Duke Johnson Trade Grades: Who Came out on Top

Getty Cleveland Browns head coach Freddie Kitchens.

The Cleveland Browns granted disgruntled running back Duke Johnson Jr. his wish on Thursday, shipping him to the Houston Texans for a draft pick.

Johnson had requested a trade in the offseason following the Cleveland’s acquisition of former Pro Bowl back Kareem Hunt. He had spent his entire four-year career with the Browns.

The Texans gave up a 2020 fourth round pick for Johnson, which could turn into a third if he plays more than 10 games.

Johnson joined the Browns as a third-round pick in 2015. He appeared in 64 games with 10 starts. He registered 1,286 rushing yards and 2,170 receiving yards on 235 receptions with 13 total touchdowns.

Last season, Johnson had 47 receptions for 429 yards and three touchdowns. He had just 40 carries for 201 yards on the ground. Both his number of carries and catches were career lows.

Despite his trade request, Johnson was a fan-favorite in Cleveland. He played through some tough times in the orange and brown, including an 0-16 campaign in 2017 that was historic for all the wrong reasons. But as they say, the NFL is a business and getting a deal done was the best for all sides involved.

That being said, here are the trade grades for the Texans and Browns.

Cleveland Browns: B+

GettyGeneral Manager John Dorsey of the Cleveland Browns

Both head coach Freddie Kitchens and general manager John Dorsey had vehemently defended that Johnson was going to be a member of the Cleveland Browns this season.

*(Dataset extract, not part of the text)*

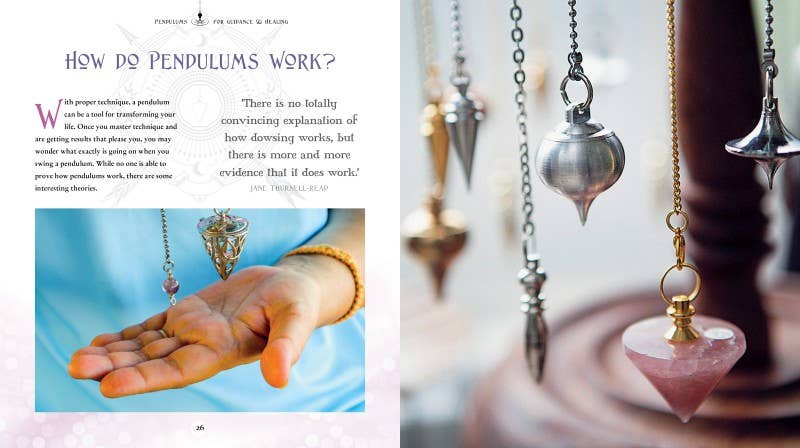 Pendulums: For Guidance & Healing (Gothic Dreams) - Spiral Circle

However, the Houston’s price was right, leading to the trade.

It was the right move and probably overdue, considering some of the drama that has stemmed from the request.

A fourth-round pick would have been great, but the bonus for the Browns is that it’s likely to turn into a third round pick, as Johnson has not missed a game in his four-year career. He’s been dealing with what was being called a “nagging” hamstring at training camp, but we’ll see if the move to Texas helps with the healing process.

That’s huge for a guy who was a third down back — albeit a pretty good one.

It was the highest return for a running back since 2013, when the Browns fleeced the Colts for a first-round pick in exchange for Trent Richardson.

  • 2019: Eagles trade a sixth-round pick for Chicago’s Jordan Howard
  • 2018: Browns get a fifth-round pick from Jacksonville in return for Carlos Hyde
  • 2017: Oakland gets Marshawn Lynch from Seattle for a sixth-round pick
  • 2016: Tennessee trades a sixth-round pick for Eagles back DeMarco Murray
  • 2015: Bills acquire LeSean McCoy for linebacker Kiko Alonso
  • 2014: Eagles trade for Saints’ RB Darren Sproles in exchange for a fifth-round pick
  • 2013: Browns send Trent Richardson to Colts for first-round pick

The only reason this trade is not in the “A” territory is because the Browns don’t have a strong option as a backup to Nick Chubb for the first half of the season. Second-year back Dontrell Hilliard is expected to assume the role until Kareem Hunt returns from an eight-game ban.

Hilliard was picked up by the Browns as an undrafted free agent last offseason out of Tulane and spent the first month of the season on the practice squad. After being elevated to the active roster, he appeared in 11 game but did not receive a carry. However, he did catch nine balls for 105 yards and could be in the mix to return kicks.

Houston Texans: C-

Texans Head coach Bill O’Brien

As stated above, the Texans gave up quite a bit for a guy that will backup Lamar Miller. However, the team needed a reliable option after waiving running back D’Onta Foreman earlier in the week. Head coach Bill O’Brien called the battle for the backup spot “wide open.”

Johnson can be a fit, with his pass-catching ability out of the backfield being a major boon.

The Texans are in a curious situation of having no general manager in place for the season. Rapoport said it was O’Brien that negotiated the deal.

There’s also the fact that Johnson carries a fairly hefty price tag. The running back signed a lucrative three-year, $15.6 million extension last offseason.

His contract value is the 13th highest among running backs, according to Over the Cap, just behind Panthers running back Christian McCaffery.